The elderly are recognized as being vulnerable to fraud. A study last year found that American seniors lost at least $2.9 billion to financial exploitation in 2010, and two months ago, the newly established Consumer Financial Protection Bureau launched an inquiry to figure out how to best protect the elderly from scams.
But what makes seniors more likely to fall for frauds? New research points to a specific part of their aging brains.
The new study is based on a small sample and its authors acknowledge that further research is needed. But their preliminary evidence indicates that a damaged ventromedial prefrontal cortex (vmPFC) — a part of the brain that controls belief and doubt, and begins to deteriorate around age 60 — might be to blame for what makes some people more gullible than others.
"The current study provides the first direct evidence beyond anecdotal reports that damage to the vmPFC ( ventromedial prefrontal cortex ) increases credulity," the researchers wrote in the paper appearing in the journal Frontiers in Neuroscience. "Indeed, this specific deficit may explain why highly intelligent vmPFC patients can fall victim to seemingly obvious fraud schemes."

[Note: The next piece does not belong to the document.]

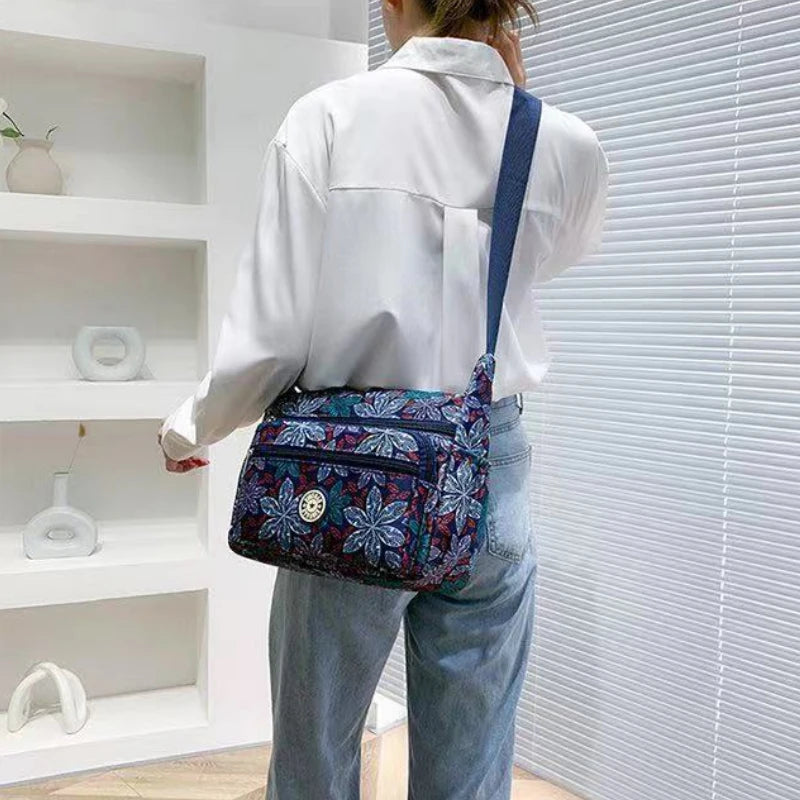 Large Capacity Nylon Flower Shoulder Bag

In the study, researchers at the University of Iowa recruited 18 people with damage to the vmPFC and 21 patients with brain damage outside the prefrontal cortex, as well as a control group of subjects without any brain damage. The researchers showed them advertisements that mimic ones flagged as deceptive by the Federal Trade Commission and then asked each to gauge how much he or she believed the misleading ad, a statement from the University of Iowa explained.

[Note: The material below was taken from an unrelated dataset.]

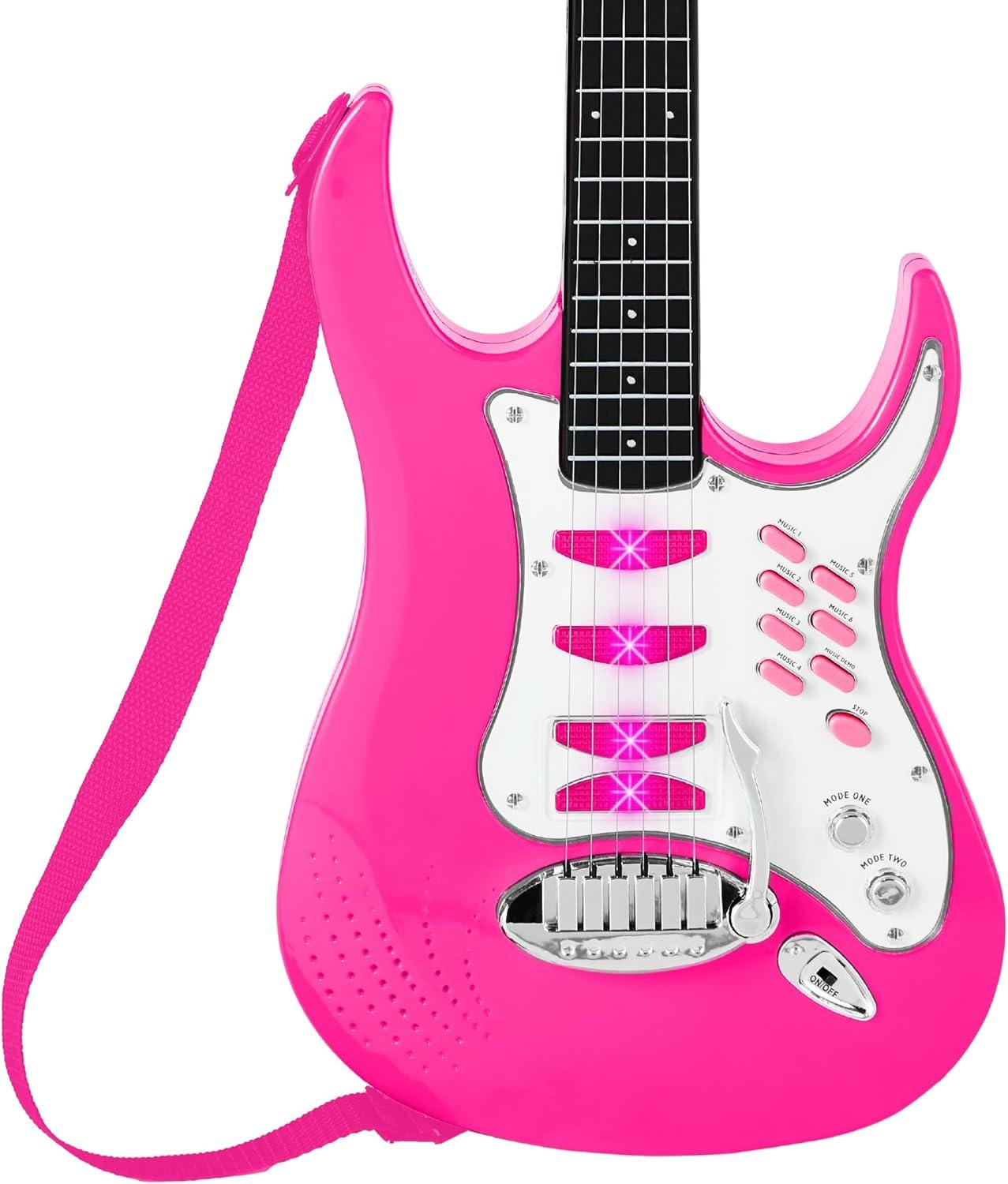 Best Choice Products Kids Electric Musical Guitar Toy Play Set w/ 6 Demo Songs, Whammy Bar, Microphone - Pink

Patients with damage to the vmPFC were about twice as likely as the other participants to fall for a given ad, even when a disclaimer pointed out it was misleading, the researchers said.
"Behaviorally, they fail the test to the greatest extent," researcher Natalie Denburg said in the UI statement. "They believe the ads the most, and they demonstrate the highest purchase intention. Taken together, it makes them the most vulnerable to being deceived."
The researchers say their findings might help doctors, caregivers and relatives to be more understanding and protective of seniors' decision-making.
"Instead of saying, 'How would you do something [so] silly and transparently stupid?' people may have a better appreciation of the fact that older people have lost the biological mechanism that allows them to see the disadvantageous nature of their decisions," Daniel Tranel, another researcher involved in the study, said in the statement.